The Times reported yesterday on the continued promotion of an “insolvency avoidance” scheme, despite efforts by the Insolvency Service to close it down. The scheme claims to offer directors of distressed companies a means of avoiding formal liquidation – with the associated scrutiny of their actions and risk of personal liability.
The scheme, marketed by the “Atherton Corporate” group, involved the purchase of the shares of a distressed company for a nominal sum. The purchased company would cease trading shortly before, or at, the point of sale, but would be kept “live” for as long as possible, with its directors replaced by “figurehead” appointees before ultimately being dissolved or liquidated. Supposedly, this would place some distance between the original directors, and any subsequent liquidation. For this service, Atherton would charge a fee depending on the level of the company's liabilities.
Meanwhile, typically a newco would be used by the original directors to continue the business, including by using the trading name, intellectual property and in some cases even continuing to access the bank account of the distressed company. No value would be paid to the distressed company for the assets, and no attempt made to recover money or assets for the benefit of creditors. This is in contrast to a true pre-pack sale, where an administrator (who has a duty to act in the interests of all creditors) executes a (pre-arranged) sale of a business shortly after appointment. Allegedly, directors making use of this scheme were led to believe that they would not be under any obligation to co-operate with any future liquidator of the distressed company, nor would any recovery action be taken against them for any debts due by them to the distressed company.

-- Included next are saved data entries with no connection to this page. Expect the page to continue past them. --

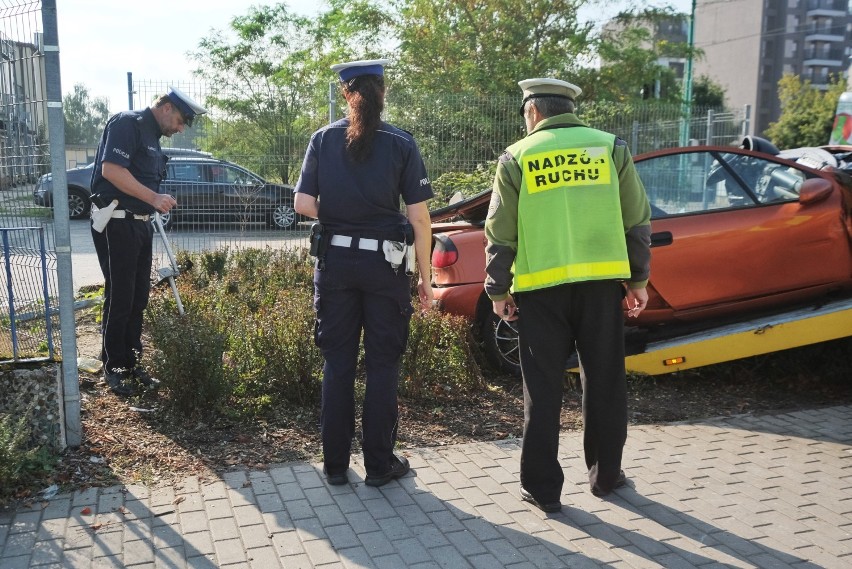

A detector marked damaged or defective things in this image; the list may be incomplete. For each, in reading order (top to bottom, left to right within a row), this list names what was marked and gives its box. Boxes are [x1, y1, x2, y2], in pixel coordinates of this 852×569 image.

damaged orange car [430, 140, 852, 374] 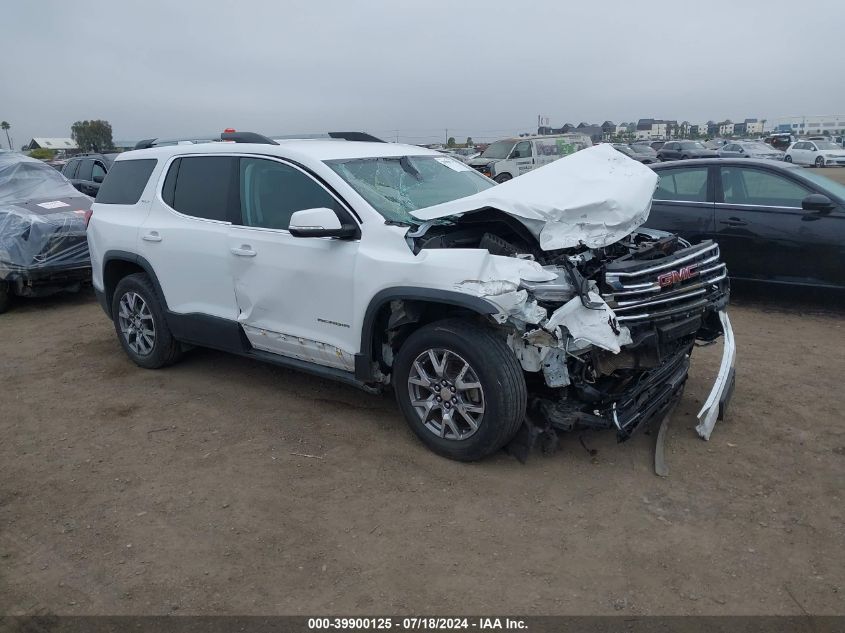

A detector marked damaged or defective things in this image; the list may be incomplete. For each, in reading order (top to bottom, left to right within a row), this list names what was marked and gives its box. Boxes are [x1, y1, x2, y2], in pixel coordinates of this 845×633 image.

shattered windshield glass [324, 154, 494, 223]
crumpled hood [408, 144, 660, 251]
damaged white suv [84, 133, 732, 460]
detached bumper piece [696, 312, 736, 440]
broken plastic trim [696, 312, 736, 440] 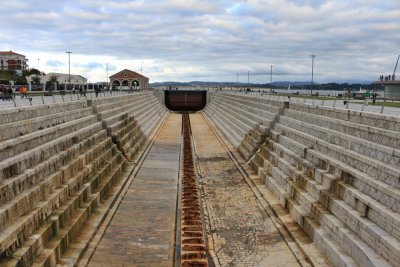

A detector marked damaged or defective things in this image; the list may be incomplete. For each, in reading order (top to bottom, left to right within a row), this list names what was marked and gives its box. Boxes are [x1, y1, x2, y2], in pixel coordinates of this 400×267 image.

rusty rail track [180, 113, 208, 267]
corroded metal [180, 113, 208, 267] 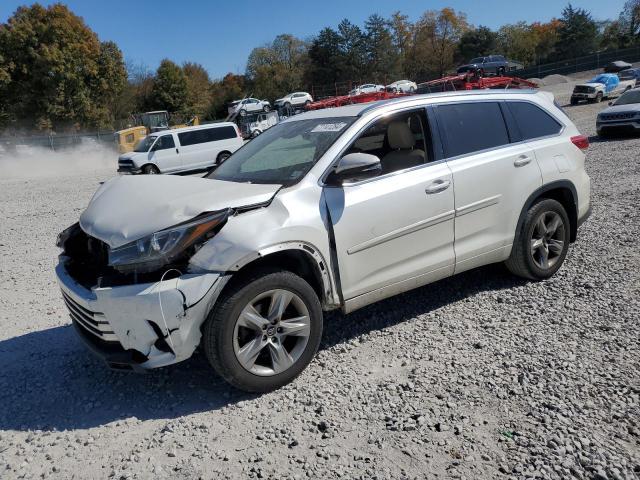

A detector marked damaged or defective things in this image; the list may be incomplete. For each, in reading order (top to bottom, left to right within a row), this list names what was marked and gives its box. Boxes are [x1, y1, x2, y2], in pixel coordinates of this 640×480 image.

damaged front end [54, 213, 230, 372]
crumpled front bumper [57, 255, 228, 372]
exposed headlight [109, 209, 229, 272]
damaged white suv [57, 89, 592, 390] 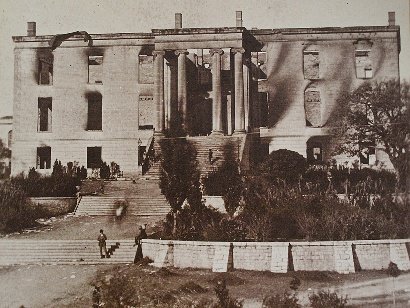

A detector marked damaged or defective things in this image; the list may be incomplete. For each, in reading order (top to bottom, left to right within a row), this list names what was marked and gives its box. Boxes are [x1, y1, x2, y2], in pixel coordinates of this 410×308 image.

burned building [10, 12, 400, 176] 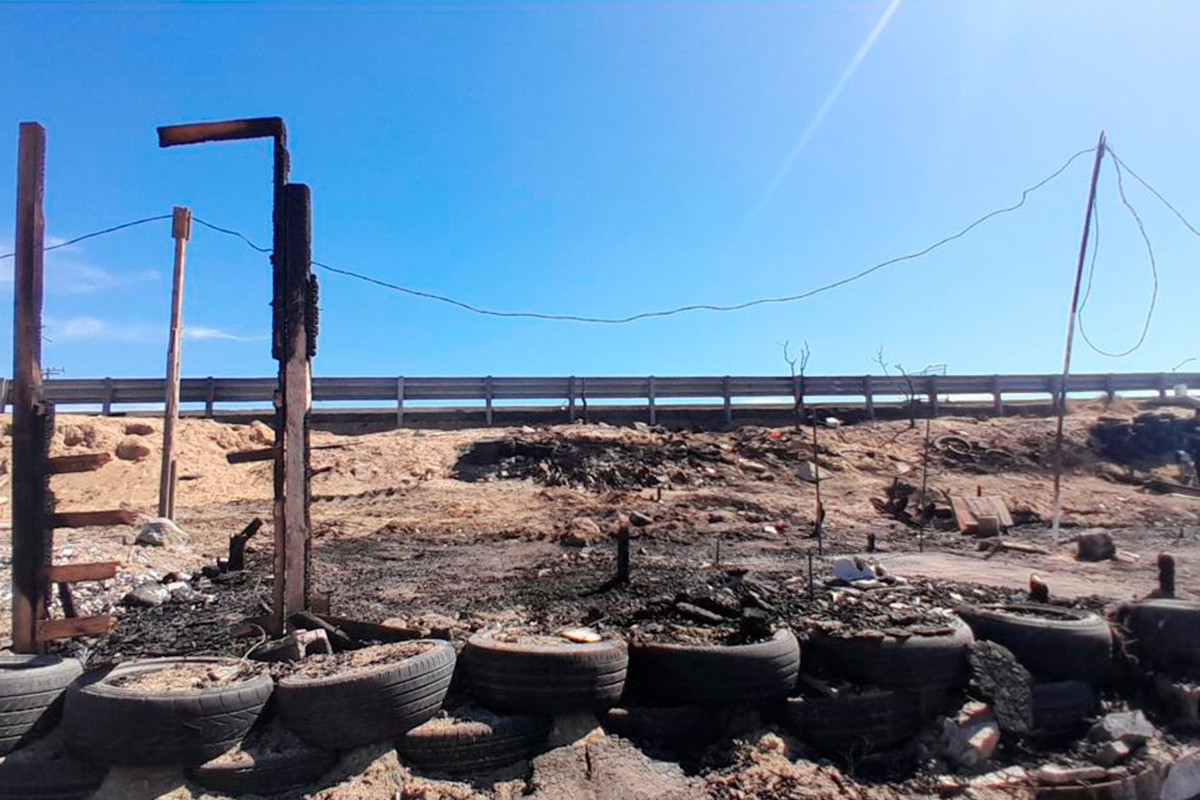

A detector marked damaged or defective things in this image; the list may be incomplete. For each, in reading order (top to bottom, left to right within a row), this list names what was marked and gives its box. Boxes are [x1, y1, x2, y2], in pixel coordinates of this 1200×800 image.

charred wooden post [11, 122, 49, 652]
burned tire [0, 652, 82, 752]
burned tire [61, 656, 272, 768]
burned tire [185, 724, 340, 800]
burned tire [276, 636, 454, 752]
burned tire [400, 708, 556, 776]
burned tire [464, 636, 628, 716]
burned tire [628, 628, 796, 704]
burned tire [784, 692, 924, 752]
burned tire [808, 616, 976, 692]
burned tire [956, 604, 1112, 684]
burned tire [1032, 680, 1096, 736]
burned tire [1112, 600, 1200, 676]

Seven companies involved in promoting the scheme were wound up by the Insolvency Service in September, for actions which (according to the Chief Inspector of the Insolvency Service) “would appear to have deliberately undermined the insolvency regime”. However, an investigation by The Times, in collaboration with Tax Policy Associates, has found that the scheme continues to be marketed through another connected organisation, “National Company Rescue”. The Insolvency Service is reported to be considering action against directors who have made use of it, and it is claimed that, in at least one case, HMRC are conducting their own investigation.

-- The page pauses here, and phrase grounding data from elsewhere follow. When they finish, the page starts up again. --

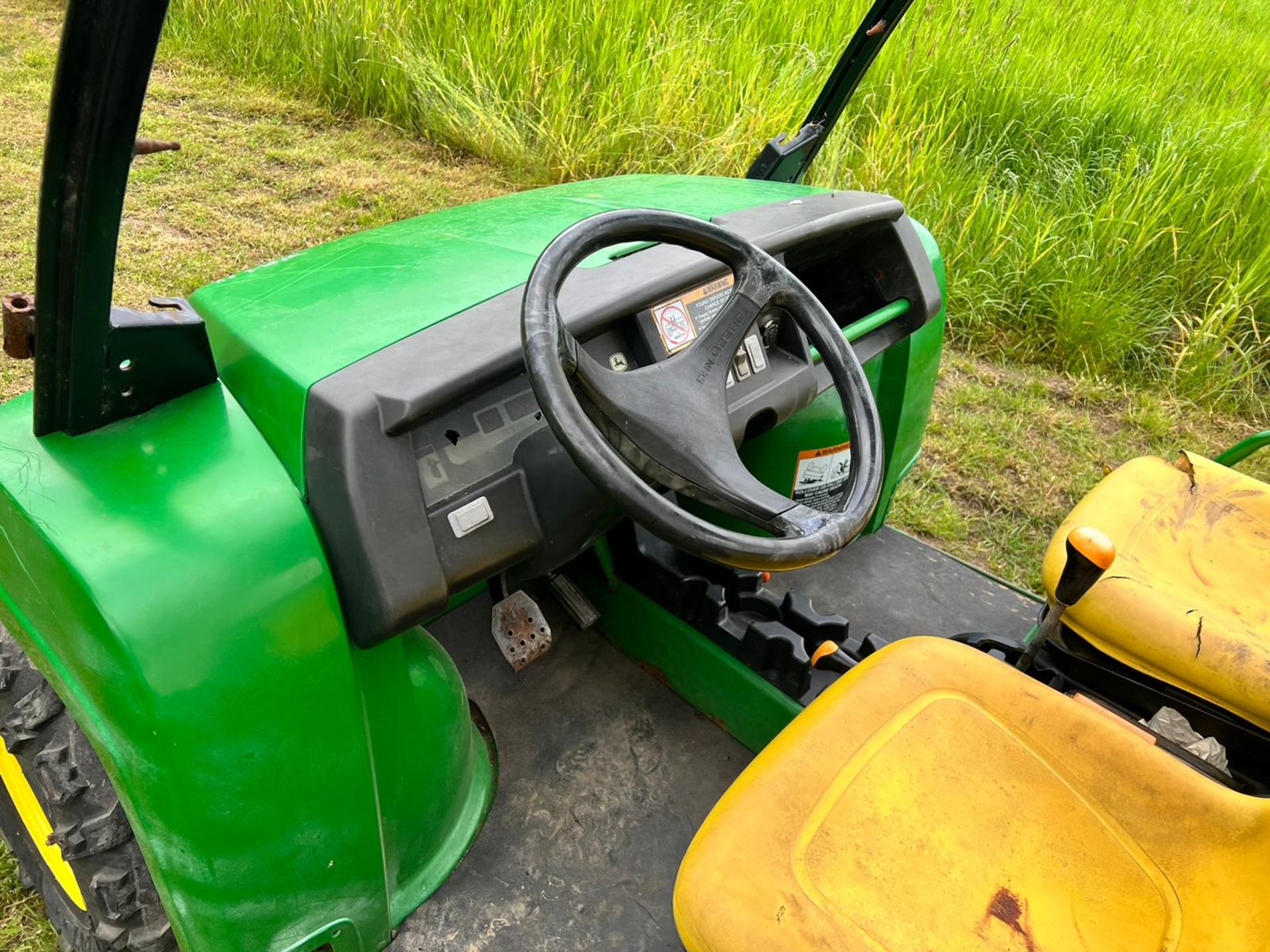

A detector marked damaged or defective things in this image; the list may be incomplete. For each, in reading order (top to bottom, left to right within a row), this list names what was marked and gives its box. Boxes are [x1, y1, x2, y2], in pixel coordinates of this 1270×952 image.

rusty metal bracket [3, 293, 35, 360]
rusty metal bracket [487, 594, 554, 675]
torn yellow seat [1041, 454, 1270, 731]
torn yellow seat [675, 637, 1270, 952] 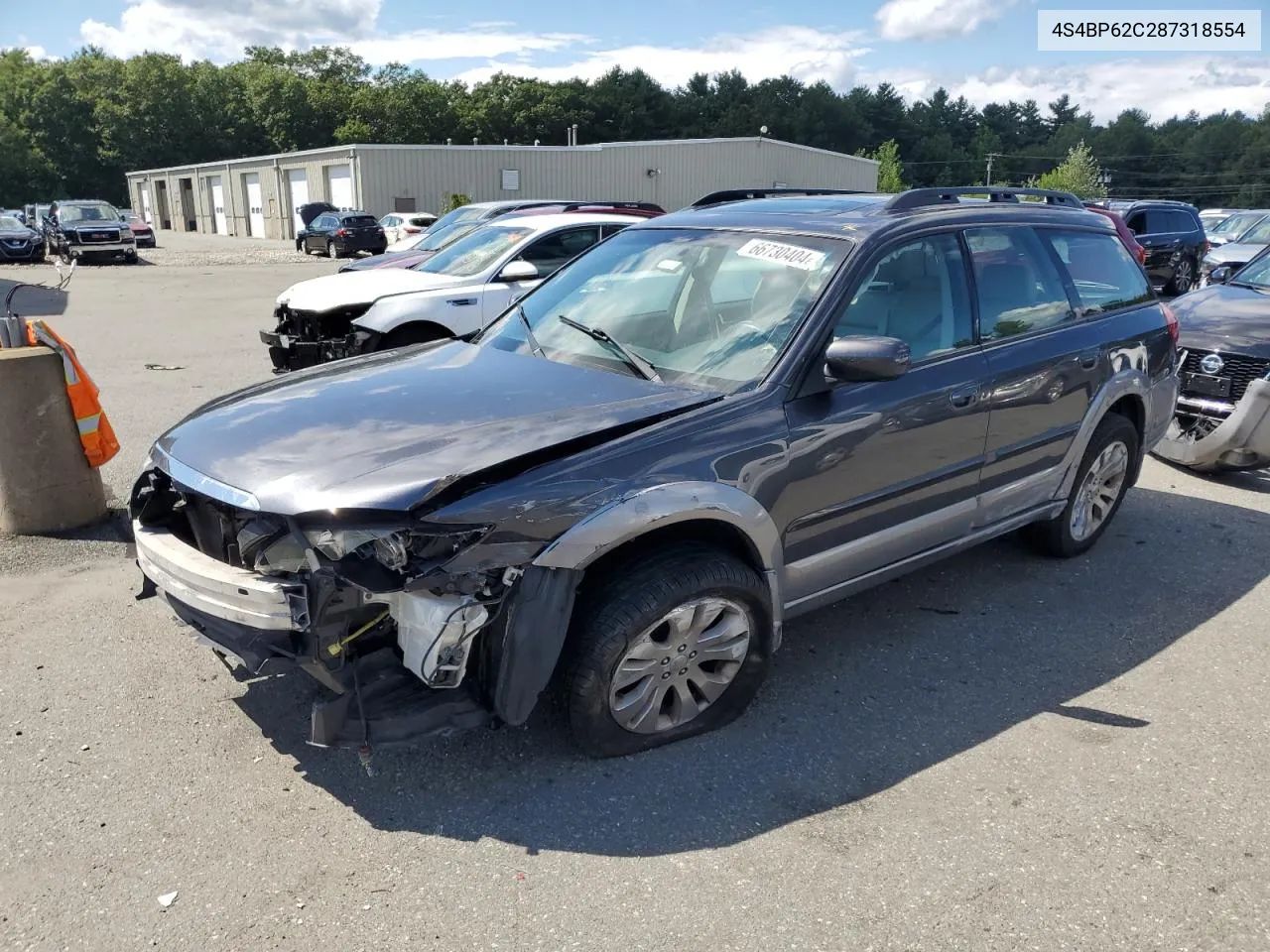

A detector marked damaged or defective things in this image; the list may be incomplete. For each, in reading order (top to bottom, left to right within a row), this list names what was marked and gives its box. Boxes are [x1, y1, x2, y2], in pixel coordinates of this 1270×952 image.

Given the significant potential for personal liability, directors of distressed companies should be aware that there is no alternative to taking proper, timely professional advice. Directors have a duty to consider the interest of creditors when they know, or ought to know, that a company is insolvent or bordering on insolvency, or that an insolvent liquidation or administration is probable. Resigning before the company enters an insolvency process does not absolve directors of liability.

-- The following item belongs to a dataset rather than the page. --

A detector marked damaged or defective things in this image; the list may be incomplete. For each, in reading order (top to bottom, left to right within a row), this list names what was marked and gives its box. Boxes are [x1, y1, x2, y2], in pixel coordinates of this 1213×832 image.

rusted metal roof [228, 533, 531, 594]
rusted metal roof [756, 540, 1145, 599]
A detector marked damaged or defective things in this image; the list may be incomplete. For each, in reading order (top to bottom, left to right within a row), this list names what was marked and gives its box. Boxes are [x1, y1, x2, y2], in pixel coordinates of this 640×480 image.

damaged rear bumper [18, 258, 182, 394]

At best, the former directors of the companies using this scheme were naïve in believing that it would enable them to avoid any negative consequences of insolvency, both reputational and financial. It seems more than likely that they could face substantial personal liability for the debts of the insolvent company, as well as disqualification. Meanwhile, creditors of the insolvent companies - which in some cases failed owing multiple million pounds worth of debts - are the ultimate losers.